Task item
Among the entries below, only the lines from the one with "Chaises de salle" through the one with "Sterling Silver Monkey Skull Necklace" are wanted, reproduced exactly. Pictures are not wanted.

(Records from a data source)
"""

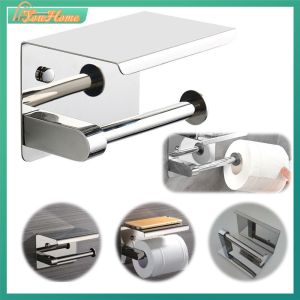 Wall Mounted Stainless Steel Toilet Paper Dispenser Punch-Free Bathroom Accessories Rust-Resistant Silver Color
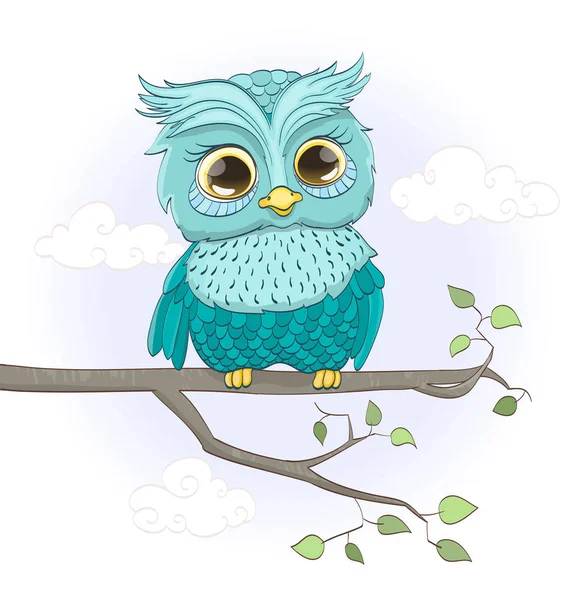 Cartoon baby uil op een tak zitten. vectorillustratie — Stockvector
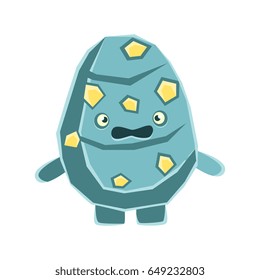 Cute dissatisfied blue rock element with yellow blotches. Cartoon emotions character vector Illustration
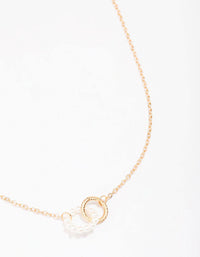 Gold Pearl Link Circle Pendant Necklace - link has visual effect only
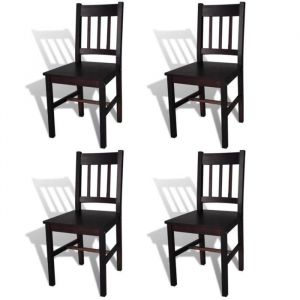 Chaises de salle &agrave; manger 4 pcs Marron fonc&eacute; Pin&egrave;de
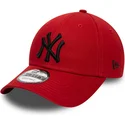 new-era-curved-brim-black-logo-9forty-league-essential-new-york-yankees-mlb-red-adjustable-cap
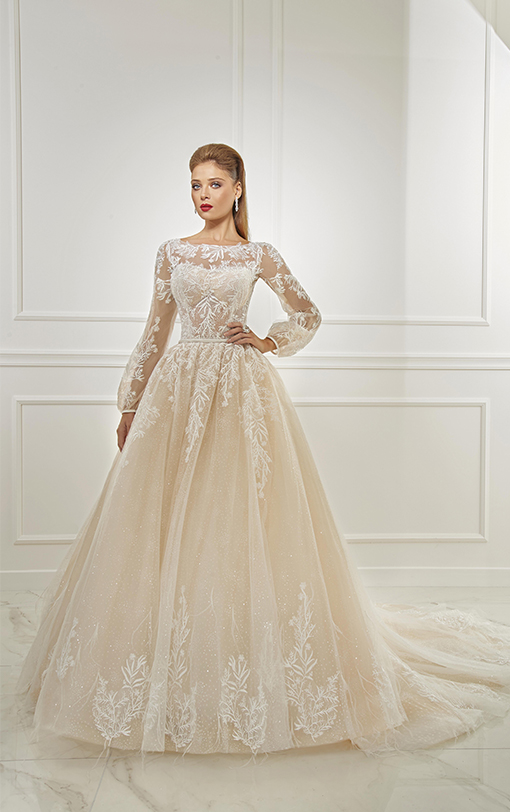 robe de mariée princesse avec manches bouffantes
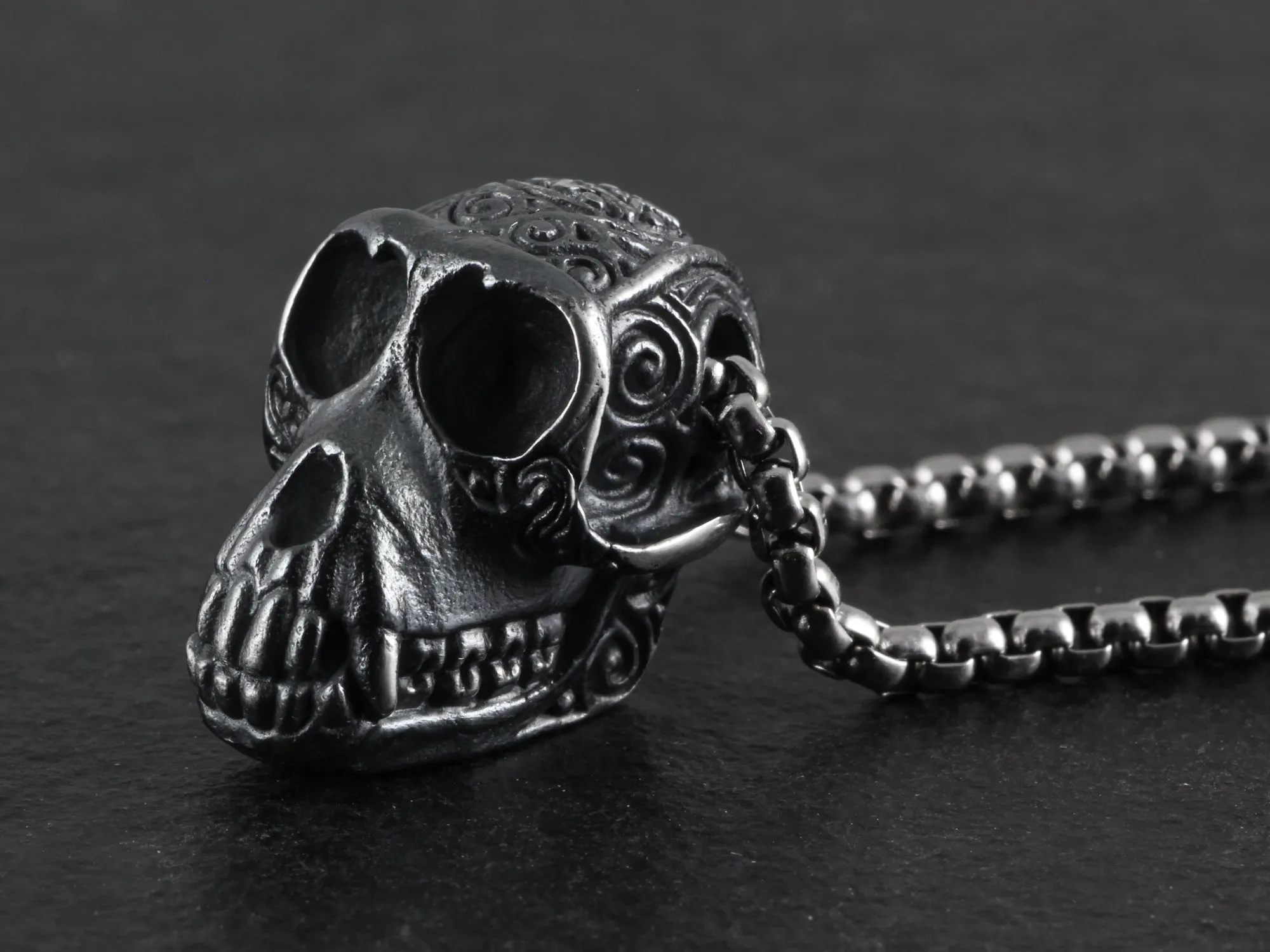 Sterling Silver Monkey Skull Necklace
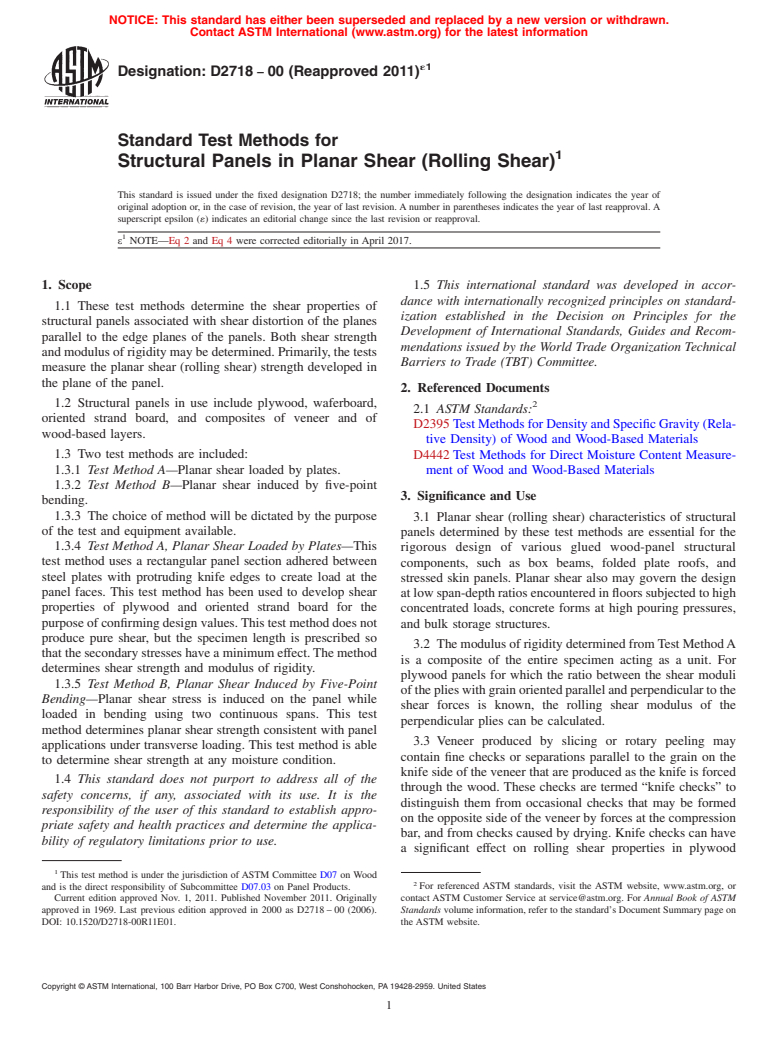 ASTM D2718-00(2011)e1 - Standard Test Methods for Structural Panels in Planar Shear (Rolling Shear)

"""

Task response
 Chaises de salle &agrave; manger 4 pcs Marron fonc&eacute; Pin&egrave;de
 new-era-curved-brim-black-logo-9forty-league-essential-new-york-yankees-mlb-red-adjustable-cap
 robe de mariée princesse avec manches bouffantes
 Sterling Silver Monkey Skull Necklace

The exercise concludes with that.